Reid Nixes Keystone Amendments to Energy Bill, Praises Earmarks


By Cathy Burke

Senate Democrats Hold News Conference


WASHINGTON D.C. – Senate Majority Leader Harry Reid’s sharp rebuff of GOP demands for votes on amendments to an energy efficiency bill could doom consideration of the Keystone XL pipeline, The Hill reported Tuesday.


The Nevada Democrat said he wouldn’t allow votes on any GOP-sponsored amendments later this week when the Senate considers a bipartisan energy bill sponsored by Sens.
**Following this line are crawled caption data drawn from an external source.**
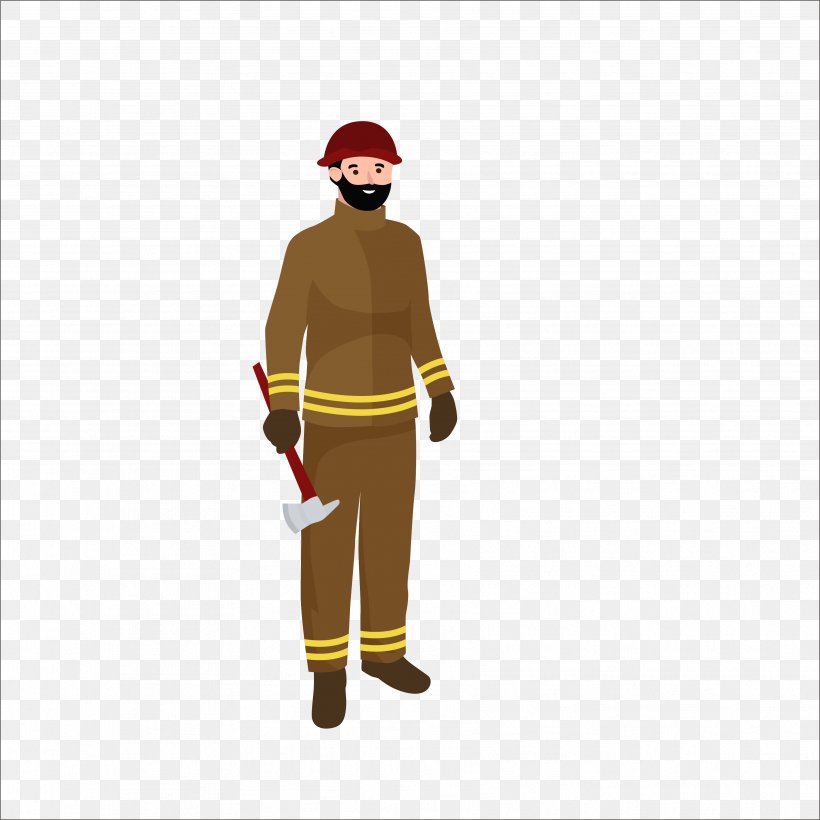 Cartoon Firefighter Illustration, PNG, 3547x3547px, Cartoon, Character, Drawing, Engineering Drawing, Firefighter Download Free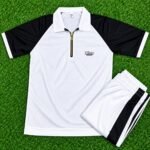 Men’s Athletic Polo Shirt & Track Pants Set | AD Garments - Image 3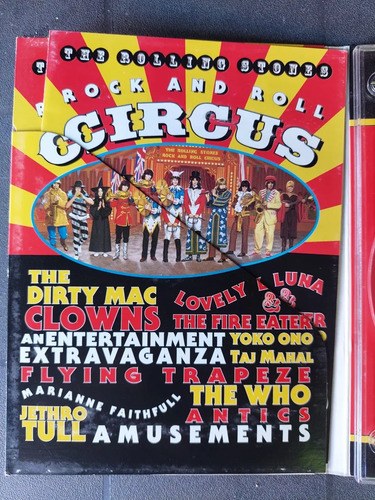Dvd Rolling Stones Circus Colecc Consultar Stock - 6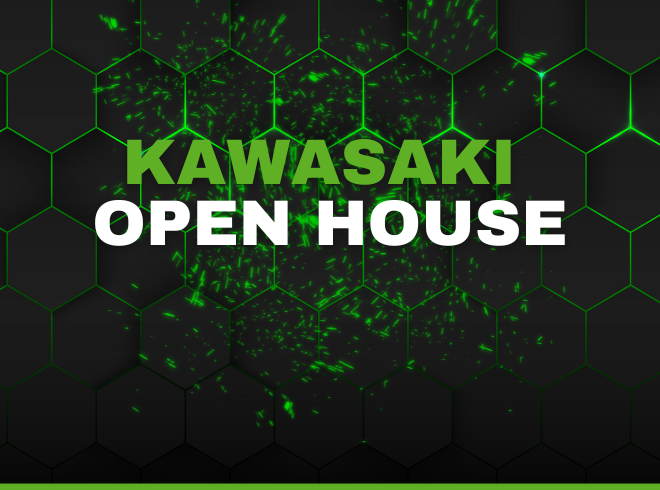 Kawasaki Open House 2025 am 1. + 2. Februar 2025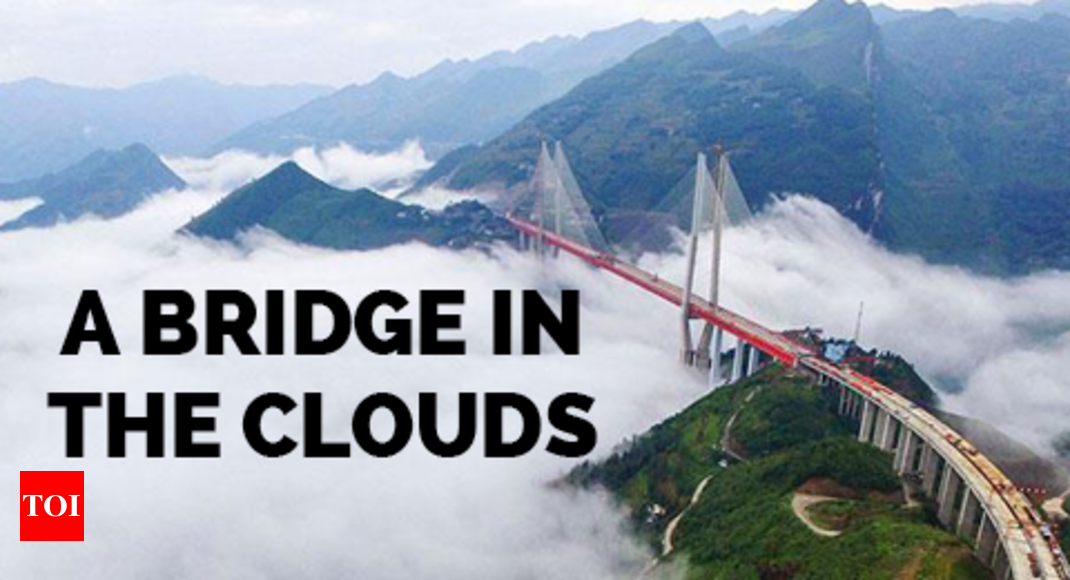 Beipanjiang bridge: The world’s highest bridge opens to traffic - Times ...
Jeanne Shaheen, D-N.H.,  and Rob Portman, R-Ohio.


The Hill reports Reid’s balk probably scuttles a vote expected on the Keystone XL pipeline unless Senate Republican Leader Mitch McConnell of Kentucky caves on his demand for votes on GOP sponsored amendments.


Republican senators have prepared a host of amendments to the energy bill, including one to authorize immediate construction of the Keystone pipeline, and another that would block the Environmental Protection Agency from imposing rules limiting greenhouse gas emissions from coal-fired power plants.


Earlier, the Senate voted 79-20 to limit debate on the energy efficiency bill, but the two parties continued to bicker over what amendments to allow, including the pipeline project.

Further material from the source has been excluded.